[DATASET Boundary: Start]

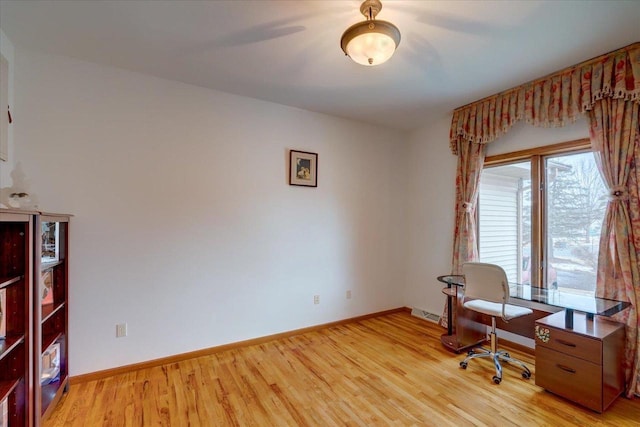 4205 Monarch Ct, Middleton, WI 53562 - home office with light wood finished floors and baseboards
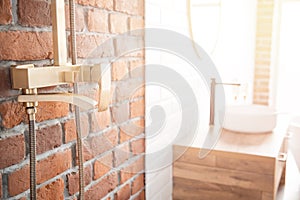 Modern shower system copper color for bathroom in loft style, brick wall. Sunlight window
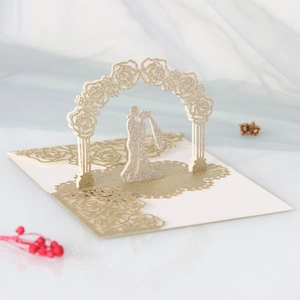 Detailed 3D laser cut wedding card with gold glitter flowers and romantic couple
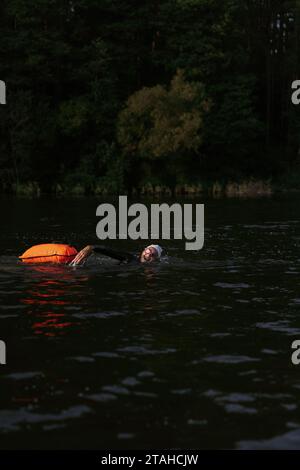 Professional swimmer in a wetsuit swims in open water on a lake. Stock Photo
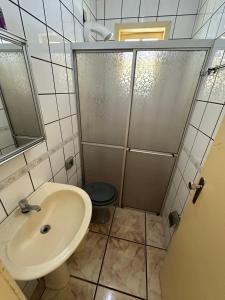 a bathroom with a sink and a shower with a toilet at Chalé Condomínio Vila Suiça - Balneário Rincão in Vila Nova +13 photos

[DATASET Boundary: End]

▸ WORK ORDER: Please copy the data above character for character, skipping any pictures.

▸ YOUR SOLUTION:
 4205 Monarch Ct, Middleton, WI 53562 - home office with light wood finished floors and baseboards
 Modern shower system copper color for bathroom in loft style, brick wall. Sunlight window
 Detailed 3D laser cut wedding card with gold glitter flowers and romantic couple
 Professional swimmer in a wetsuit swims in open water on a lake. Stock Photo
 a bathroom with a sink and a shower with a toilet at Chalé Condomínio Vila Suiça - Balneário Rincão in Vila Nova +13 photos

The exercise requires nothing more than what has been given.